Abstract. We will examine how certain geometric conditions on general asymptotically flat spacetimes (M,g) are related to stability or instability properties of solutions to the scalar wave equation on M. First, in the case when (M,g) possesses an event horizon with positive surface gravity and an ergo-region which is sufficiently small in terms of the near-horizon geometry, we will prove a logarithmic decay result for solutions to the wave equation, provided a uniform energy boundedness estimate holds. This result, applicable also in the absence of a horizon and an ergo-region, generalizes a result of Burq for the wave equation on the complement of an arbitrary compact obstacle in flat space. We will then apply the methods developed for the proof of this result in obtaining a rigorous proof of Friedman’s ergosphere instability for scalar waves in the case when (M,g) possesses an ergo-region and no event horizon.

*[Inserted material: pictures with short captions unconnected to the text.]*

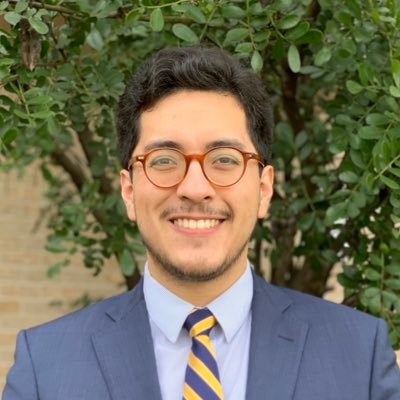 Profile Photo of Cesar De Leon (@DeLeonTeaches) on Twitter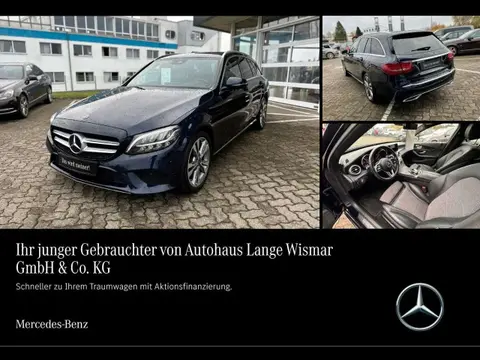 Used MERCEDES-BENZ CLASSE C Diesel 2018 Ad 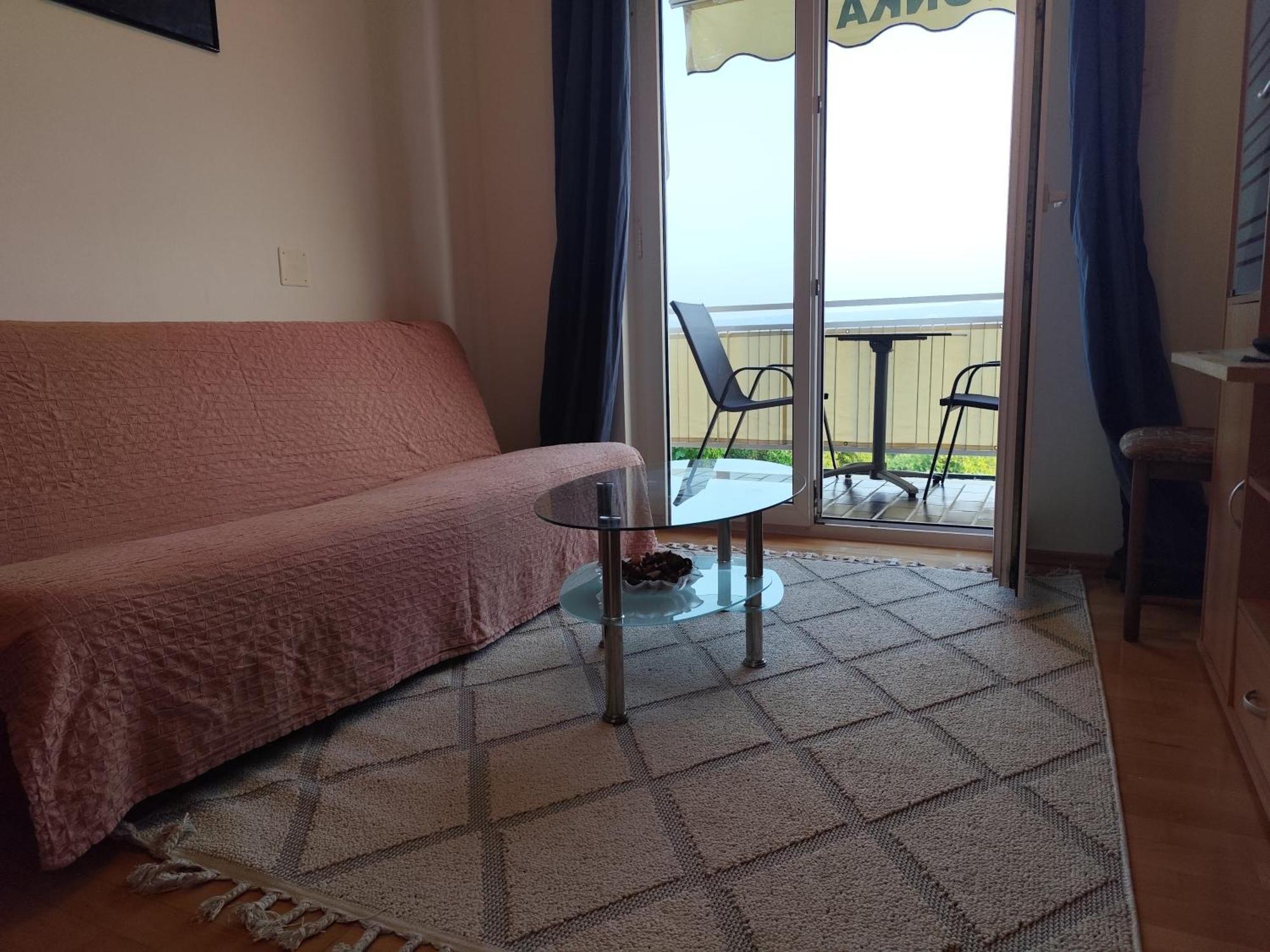 Apartman Tonka Bol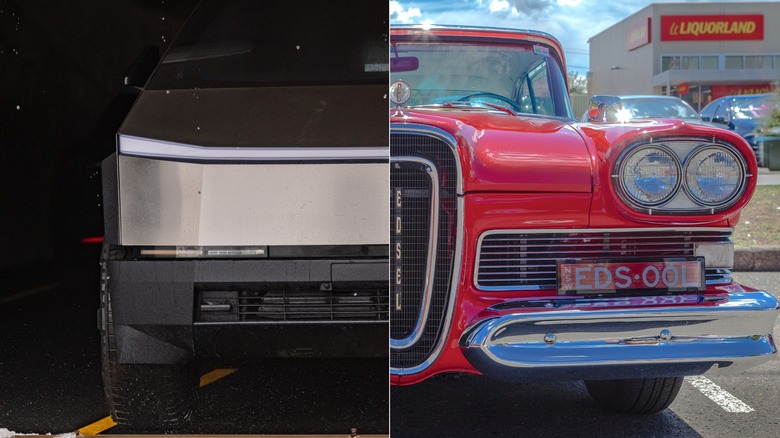 Data Shows Tesla Cybertruck Is A Bigger Flop Than The Goddamn Edsel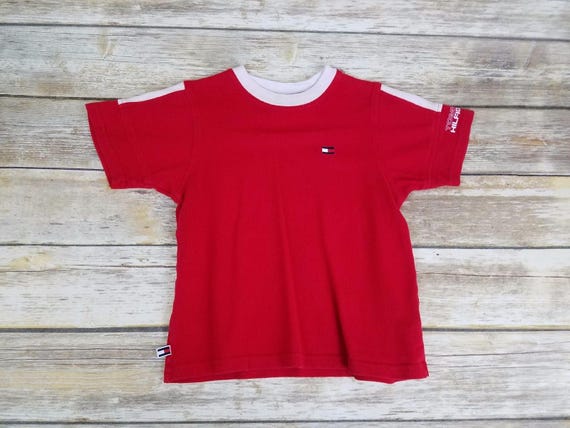 tommy hilfiger shirt toddler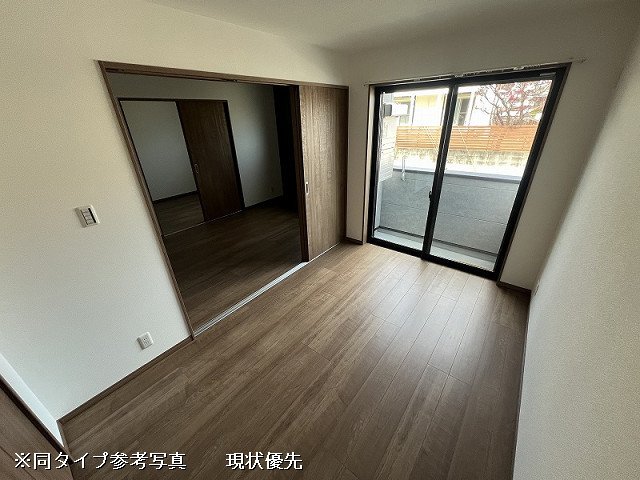 部屋３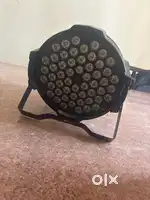Led disco light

#### 15h30 Xavier Lachaume (Tours)

**The constraint equations of scalar tensor and Lovelock theories**

Abstract. The ADM decomposition is the projection of the Einstein field equations on a spacelike foliation of the spacetime. It gives the constraint equations that must necessarily be satisfied by a riemannian metric and a 2-form to be the initial data of an Einstein spacetime. In this talk, we shall introduce some modified gravity theories: the scalar-tensor and Lovelock theories, and see how they behave under the ADM decomposition. We shall examine their constraint equations, and solve them in particular cases. This involves the study of whether a certain function of the elementary symmetric polynomials is concave or not.

#### Monday February 27, 2017

*room 15/16-309*

#### 14h Mokdad Mokdad (Brest)

**Conformal scattering for Maxwell fields on Reissner-Nordstrøm-de Sitter spacetimes**

Abstract. The Reissner-Nordstrøm-de Sitter spacetime models a spherically symmetric charged and non-rotating black hole in the presence of a positive cosmological constant. Depending on the parameters of the metric, this spacetime can have up tothree distinct event horizons. In the case of three horizons, we develop a scattering theory for Maxwell fields using the conformal geometric approach initiated by Penrose and Friedlander and referred to as conformal scattering. The idea is that a complete scattering theory is equivalent to the well-posedness of the Goursat problem (characteristic Cauchy problem) at the null boundary of the conformal manifold. Decay estimates obtained by geometric energy inequalities are essential tools for closing the estimates that allow the construction of the scattering operator : their role is to prove that energy cannot accumulate at timelike infinity, which can be understood as a weak form of Huygens’ principle.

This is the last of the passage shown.